::: DATA SUPPLIED :::

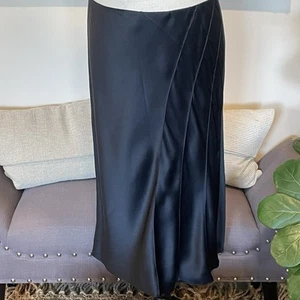 Ralph Lauren Collection Purple Label 100% Silk Satin Black Midi Skirt USA Sz 12 - Picture 1 of 10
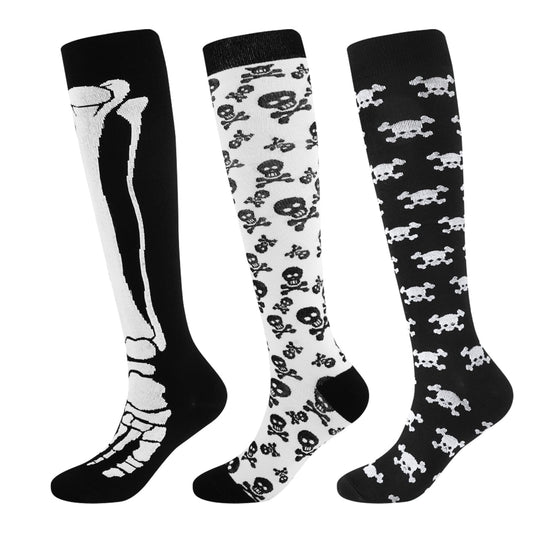 Junely Compression Socks for Women Skeleton Skull Knee High Stockings for Halloween Goth Running Athletic Nurses Pregnant Women Work Support Travel Flight Sports Gifts Black White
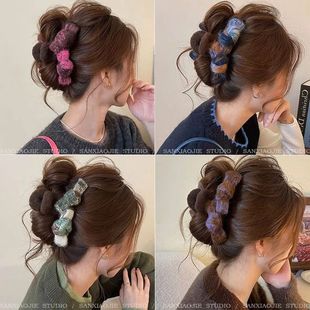 秋冬复古气质毛绒蝴蝶结2025新款 鲨鱼夹大号发量大盘发夹百搭发饰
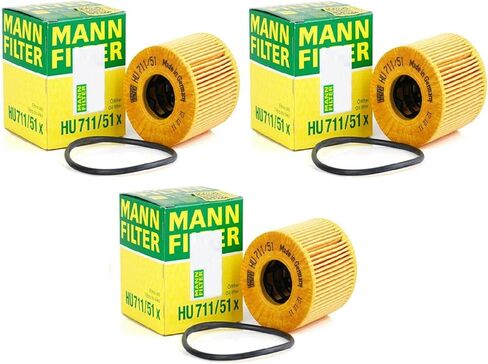 Set of 3 Oil Filters HU71151X for Mini Cooper R55 R56 R57 R58 R59 1.6 L4 in Saudi Arabia
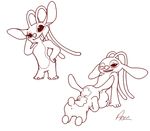  alien angel_(lilo_and_stitch) antennae anus back_markings blush butt disney experiment_(species) eyelashes female hand_on_head hand_on_hip lilo_and_stitch male male/female markings monochrome one_eye_closed oral red_and_white sketch small_tail stitch tongue tongue_out unknown_artist wink x_anus 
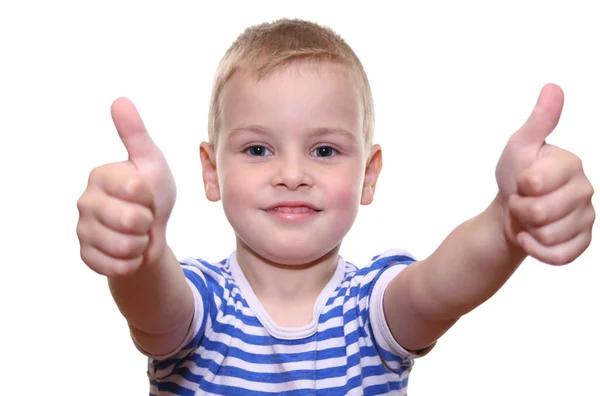 Lycklig pojke med två händer — Stockfoto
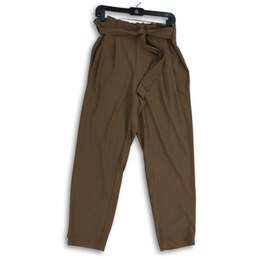 Womens Brown Pleated Waist Tie Zip Pocket Straight Leg Paperbag Pants Size 10
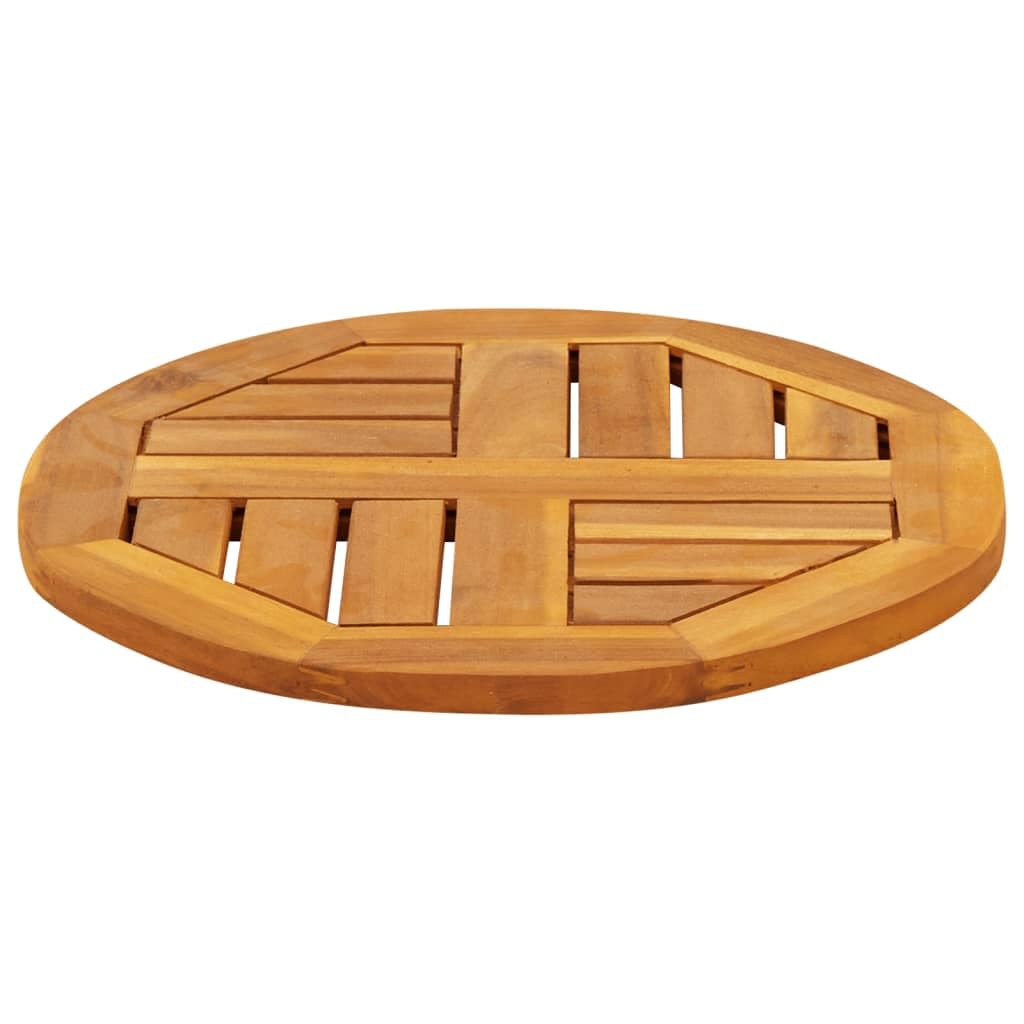 vidaXL Tischplatte Rund Ø40x2 cm Massivholz Akazie - Holzmöbelplatte, Ersatztischplatte
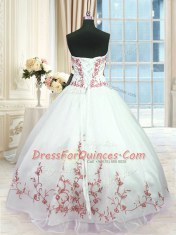On Sale Floor Length Lace Up 15th Birthday Dress White And Red for Military Ball and Sweet 16 and Quinceanera with Embroidery and Sashes ribbons
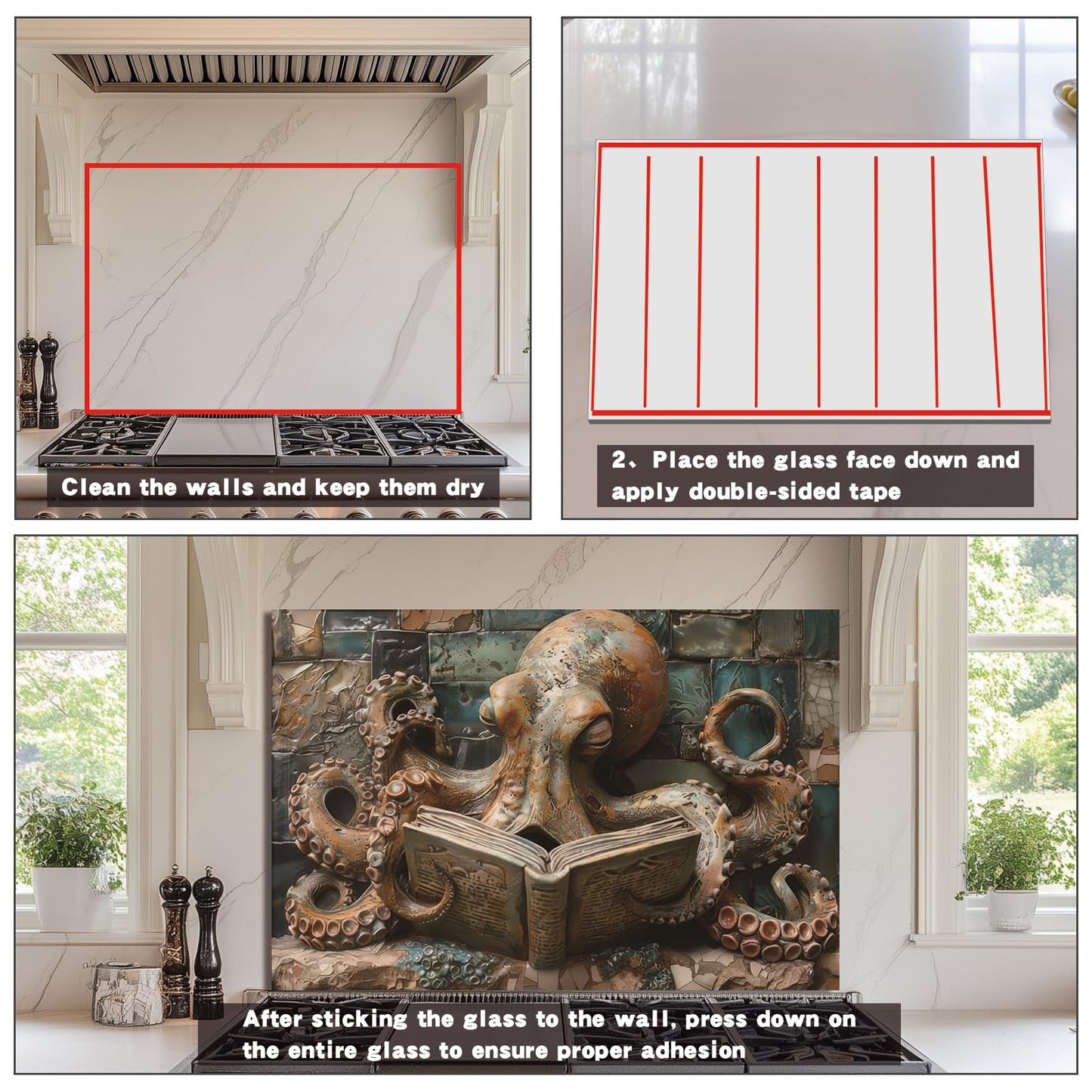 Evgosm Octopus Tempered Glass Kitchen Backsplash, Easy-to-Clean Kitchen Sink Cover with Splash Shield, Home Kitchen Decor (30 inches x 18 inches).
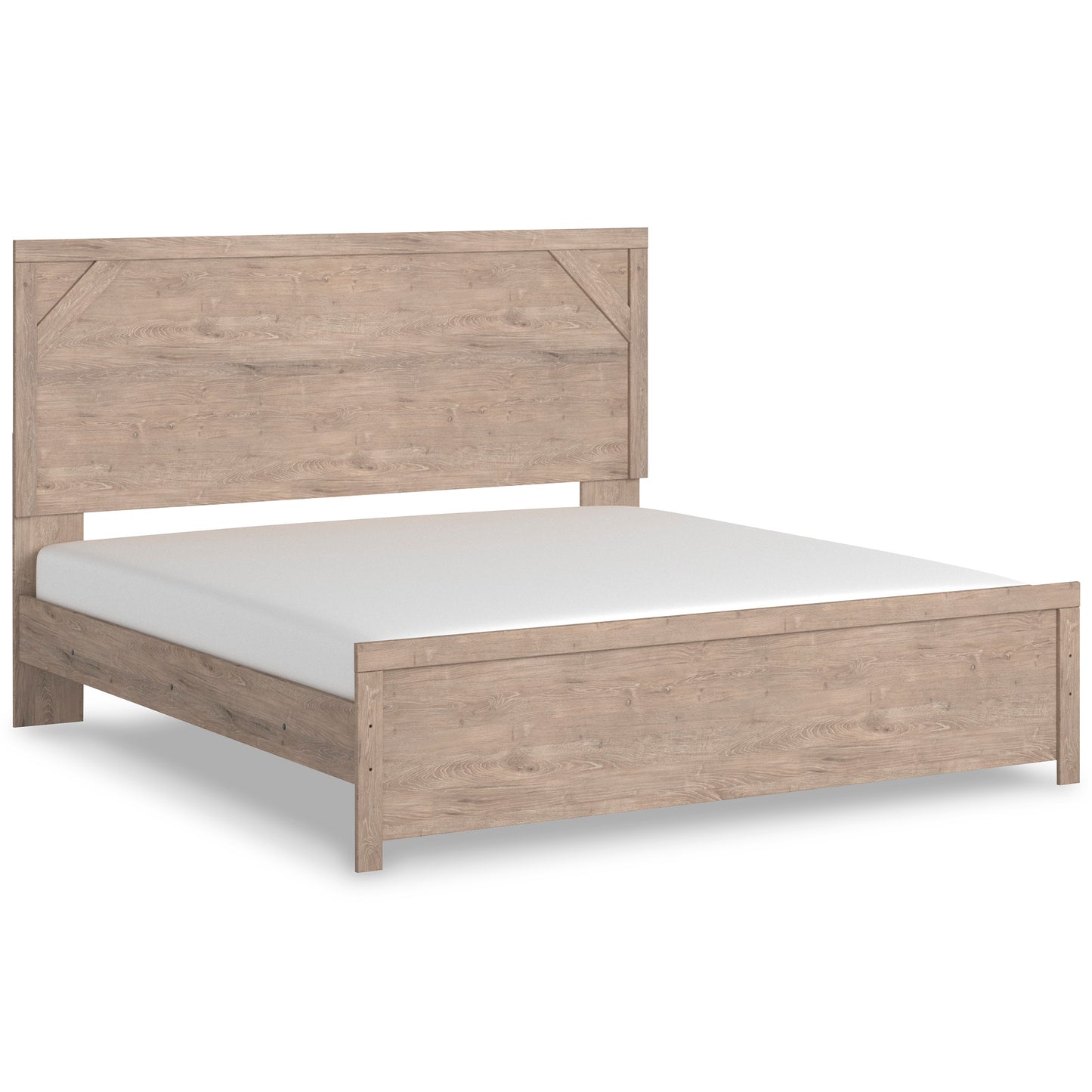 SENNIBERG PANEL BED - LIGHT BROWN/WHITE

:::

YOUR GOAL: Can you restate all the records above word for word while dropping the pictures?

SOLUTION TO THIS PROBLEM:
 Ralph Lauren Collection Purple Label 100% Silk Satin Black Midi Skirt USA Sz 12 - Picture 1 of 10
 Junely Compression Socks for Women Skeleton Skull Knee High Stockings for Halloween Goth Running Athletic Nurses Pregnant Women Work Support Travel Flight Sports Gifts Black White
 秋冬复古气质毛绒蝴蝶结2025新款 鲨鱼夹大号发量大盘发夹百搭发饰
 Set of 3 Oil Filters HU71151X for Mini Cooper R55 R56 R57 R58 R59 1.6 L4 in Saudi Arabia
  alien angel_(lilo_and_stitch) antennae anus back_markings blush butt disney experiment_(species) eyelashes female hand_on_head hand_on_hip lilo_and_stitch male male/female markings monochrome one_eye_closed oral red_and_white sketch small_tail stitch tongue tongue_out unknown_artist wink x_anus 
 Lycklig pojke med två händer — Stockfoto
 Womens Brown Pleated Waist Tie Zip Pocket Straight Leg Paperbag Pants Size 10
 vidaXL Tischplatte Rund Ø40x2 cm Massivholz Akazie - Holzmöbelplatte, Ersatztischplatte
On Sale Floor Length Lace Up 15th Birthday Dress White And Red for Military Ball and Sweet 16 and Quinceanera with Embroidery and Sashes ribbons
 Evgosm Octopus Tempered Glass Kitchen Backsplash, Easy-to-Clean Kitchen Sink Cover with Splash Shield, Home Kitchen Decor (30 inches x 18 inches).
 SENNIBERG PANEL BED - LIGHT BROWN/WHITE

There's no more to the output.